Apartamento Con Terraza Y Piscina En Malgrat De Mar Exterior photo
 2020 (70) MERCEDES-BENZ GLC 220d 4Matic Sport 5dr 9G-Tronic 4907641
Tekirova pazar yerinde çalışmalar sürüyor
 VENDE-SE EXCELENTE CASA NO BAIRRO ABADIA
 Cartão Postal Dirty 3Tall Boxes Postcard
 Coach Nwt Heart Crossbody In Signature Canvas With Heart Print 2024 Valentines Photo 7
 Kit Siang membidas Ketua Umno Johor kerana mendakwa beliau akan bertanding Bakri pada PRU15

---*---

Task requirements> Transcribe the material above in full, keeping each word unchanged.

Your response>
Apartamento Con Terraza Y Piscina En Malgrat De Mar Exterior photo
 2020 (70) MERCEDES-BENZ GLC 220d 4Matic Sport 5dr 9G-Tronic 4907641
Tekirova pazar yerinde çalışmalar sürüyor
 VENDE-SE EXCELENTE CASA NO BAIRRO ABADIA
 Cartão Postal Dirty 3Tall Boxes Postcard
 Coach Nwt Heart Crossbody In Signature Canvas With Heart Print 2024 Valentines Photo 7
 Kit Siang membidas Ketua Umno Johor kerana mendakwa beliau akan bertanding Bakri pada PRU15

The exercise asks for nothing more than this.